Drei Rollen wurden mir auf Anfrage geschickt, Bedingungen gab es keine und ich habe genau die Ergebnisse gezeigt, die bei meinen Standard-Tests herauskamen. Dass der Preis vergleichsweise hoch ist stimmt, es gibt jedoch auch Alternativen (die ich so jedoch jetzt nicht getestet habe). Eins kann ich jedoch versichern, ich verkaufe mich nicht für ein paar kostenlose Spulen Filament ;)
Excellent video. I"m new to 3d printing and this is extremely interesting. Would PP suffice as for interior automotive parts in extreme environments like ABA/ASA?
This is just a sponsored video isnt it? Your comparison of filaments seemed to be cherry picked and not consistent. Like what doing the impact tests you didnt compare it to Nylon CF.
It is not. There is no comparison with PA CF, as I had never tested it before at that time (created the video last year). And: why is it not consistent? Each property gets compared with the exact same filaments I have tested before.

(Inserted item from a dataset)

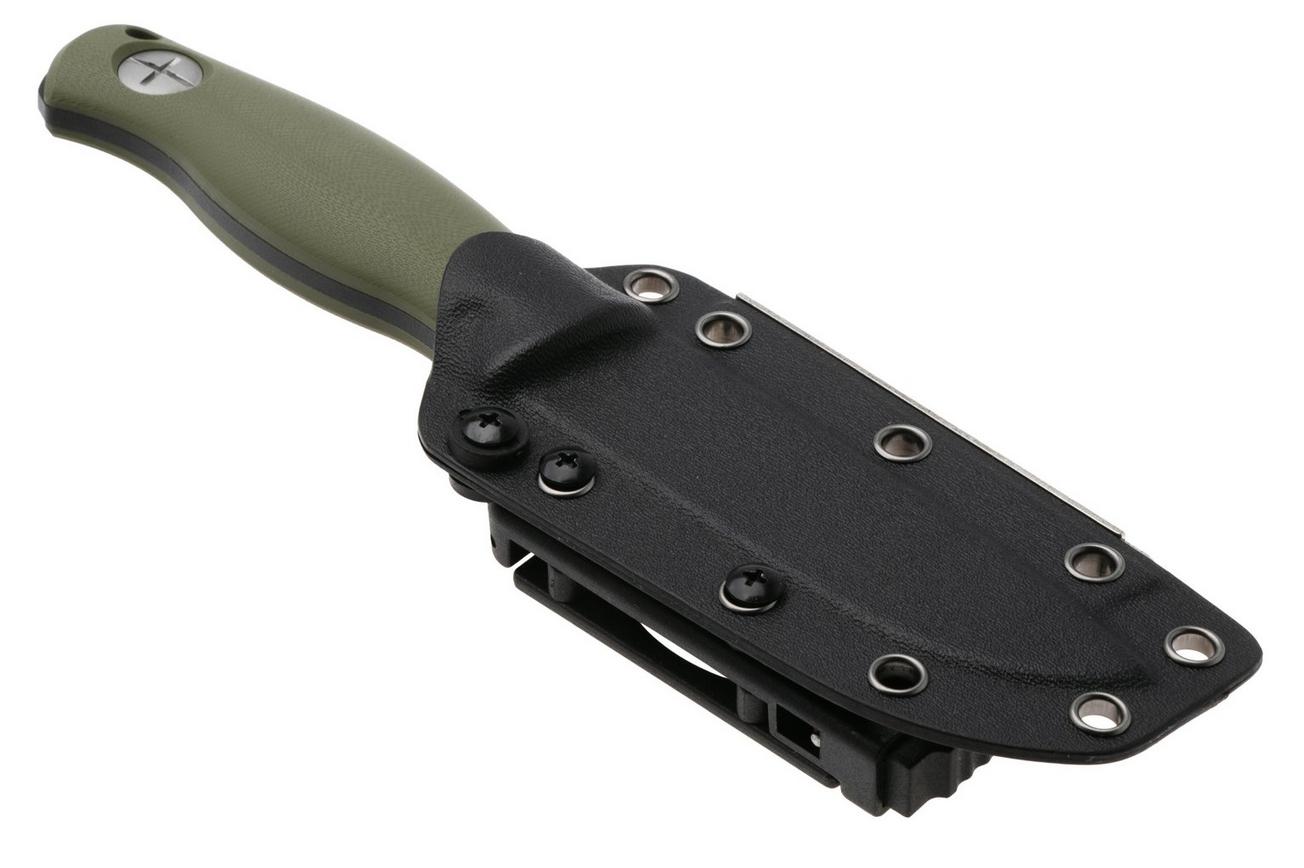 Kizer Polaris 1100A2, Black 1095 Carbon Steel, OD Green G10, vaststaand mes, Azo design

I like yout methodical way of work, at first (sound) I tought it is Stefan (from CNC kitchen)'s video. However, I found a logical error: as conclusion you said that PP printed pipe for hydrogen peroxide would resist interlayer adhesion stress regardless of your previous interlayer adhesion test which shows thad PP has lower Z-direction strength than PLA. Also, it will be interesting to see comparison of PP with the other, much cheaper and much more 3d printing friendly, food friendly material: PCTG. Please make similar tests with PCTG and put it in your charts.
Chemically... good luck. melting together layers with a blow torch or heat gun works tough. just be careful, slight under extrusion or entrained water (as in soaked, pp is absolutely non-hygroscopic) will cause the surface to bubble. Worked great with verbatim, meh with fiberology brand. Tough I doubt CF would be conducive to smoothing out layer lines.